§ **RECORDS SHOWN**:
..........

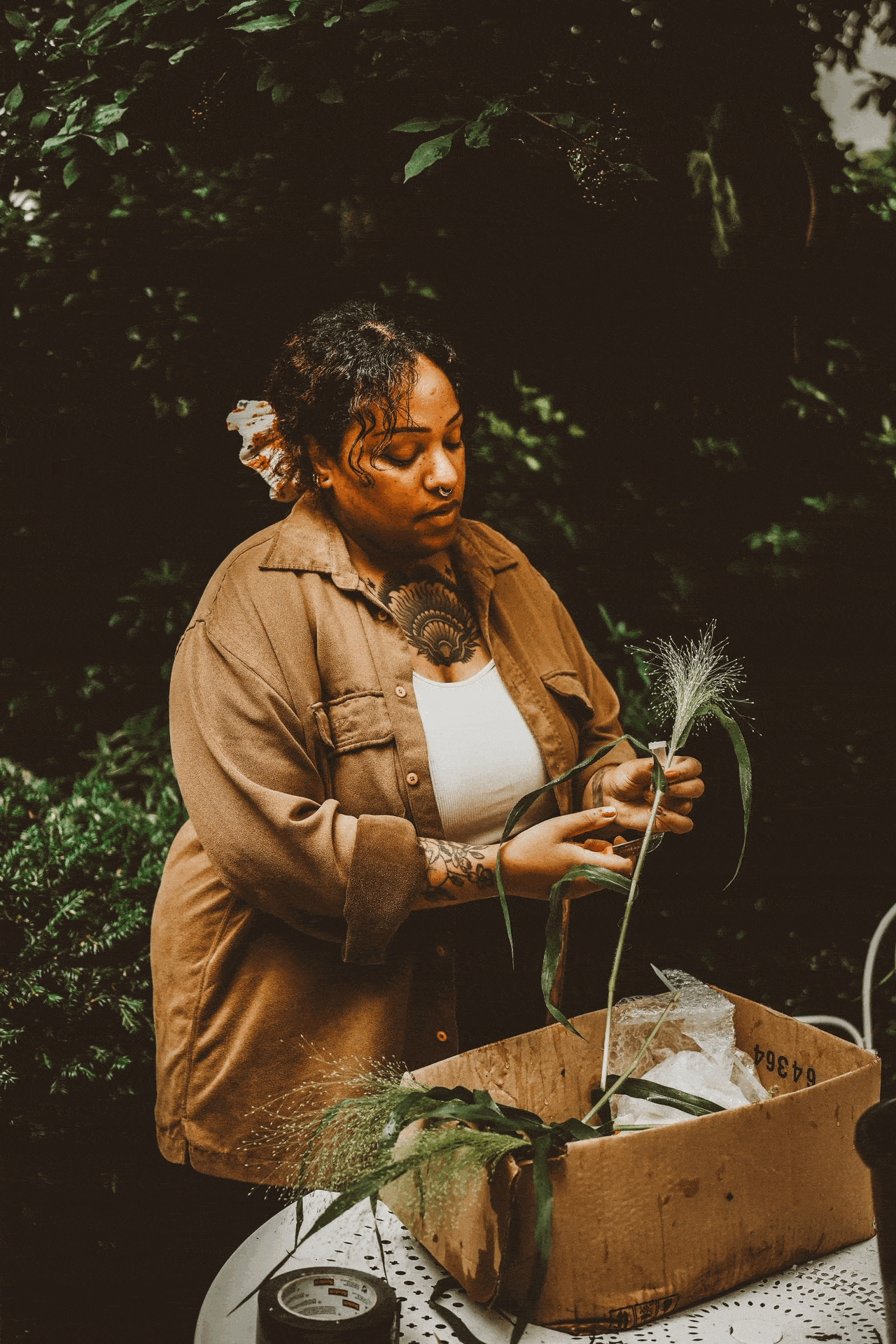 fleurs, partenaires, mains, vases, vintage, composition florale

..........

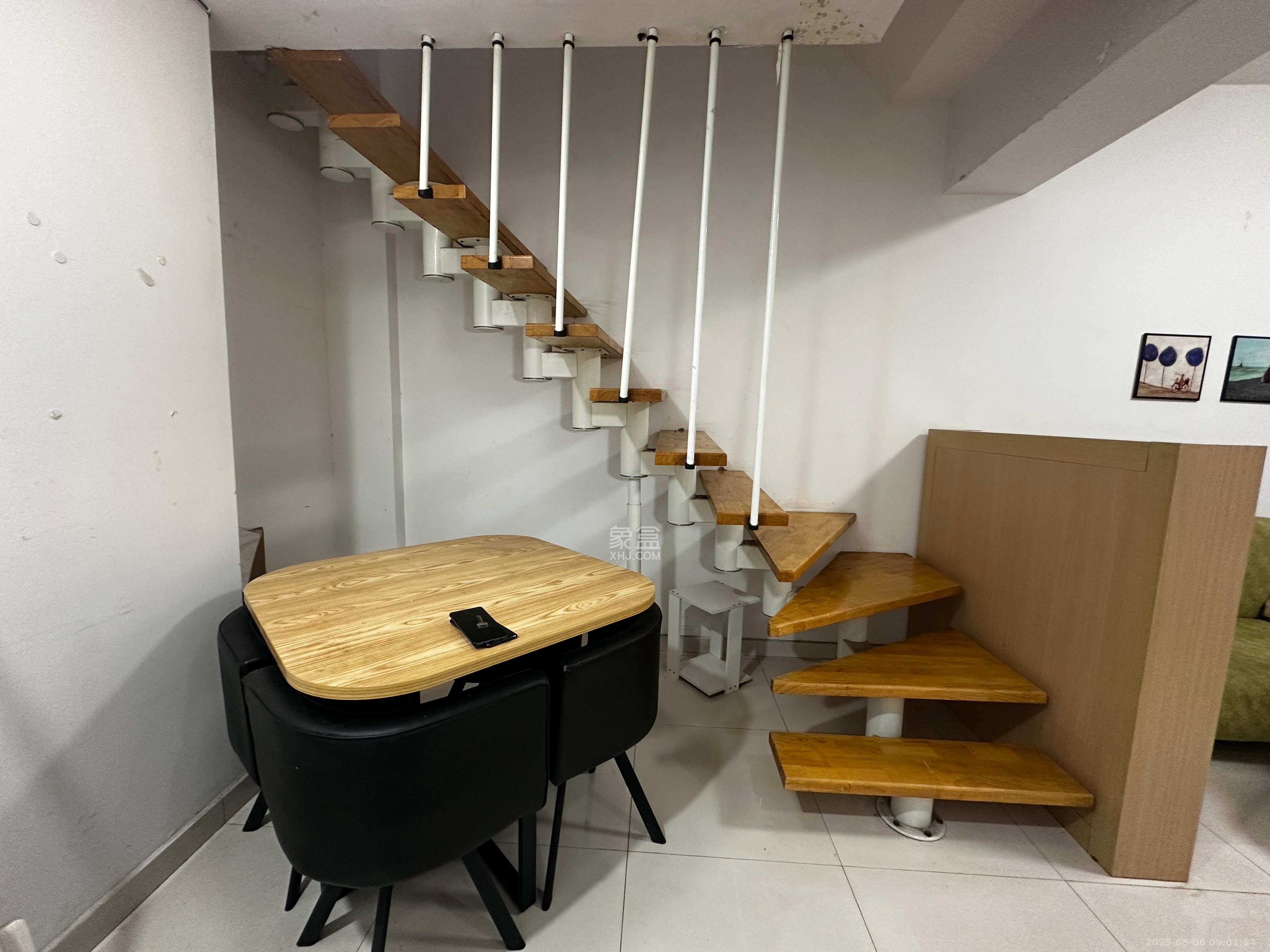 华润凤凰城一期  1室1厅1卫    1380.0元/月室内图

..........

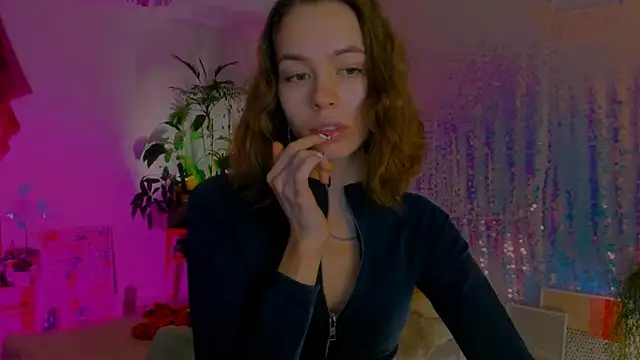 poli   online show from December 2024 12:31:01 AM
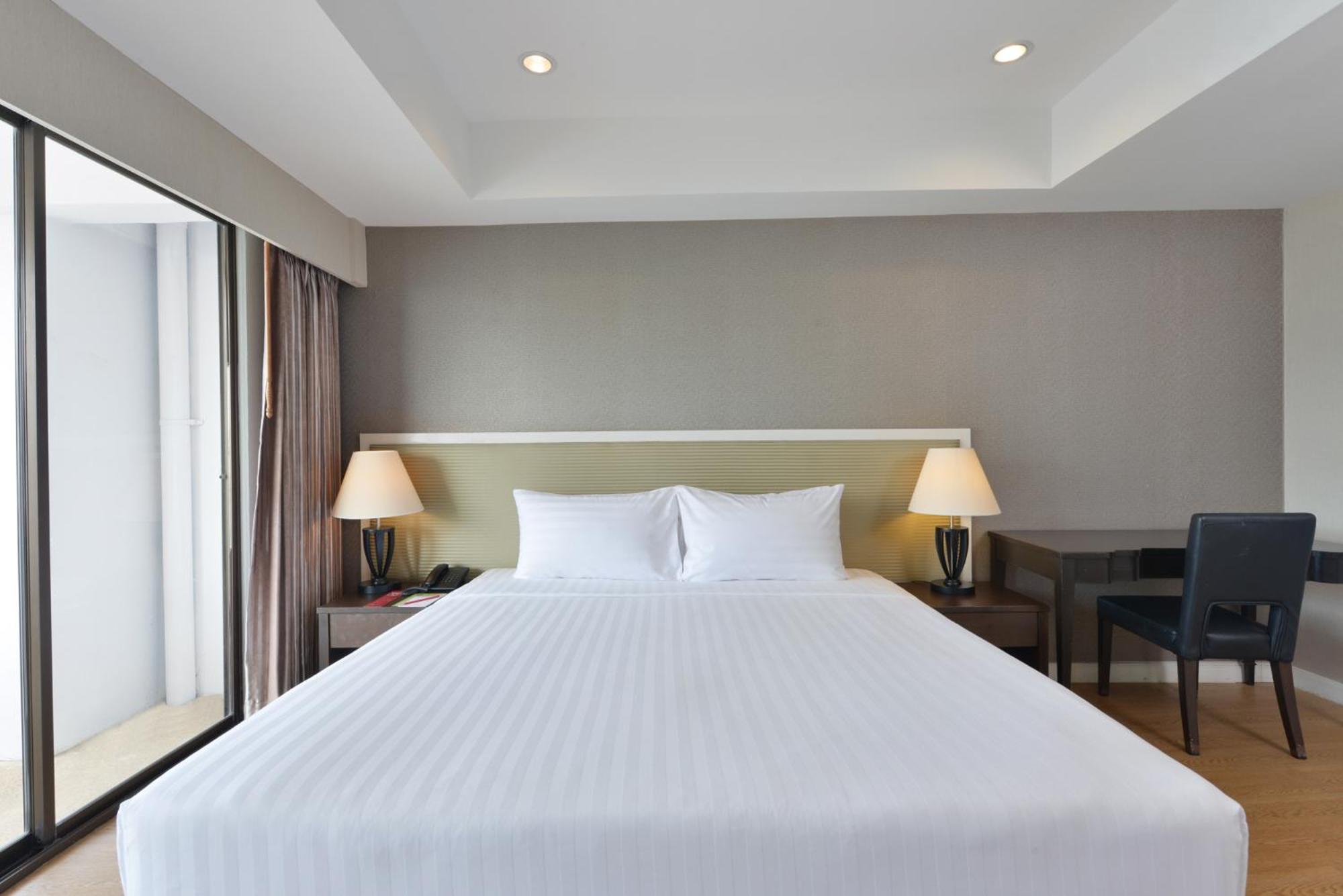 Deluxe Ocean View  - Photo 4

..........

§ **EXERCISE GOAL**:
Within the listing above, the lines starting at the one containing "2024 12:31:01 AM" and ending at the one containing "Deluxe Ocean View" are to be returned exactly. Omit the pictures.

§ **RESPONSE**:
 poli   online show from December 2024 12:31:01 AM
 Deluxe Ocean View  - Photo 4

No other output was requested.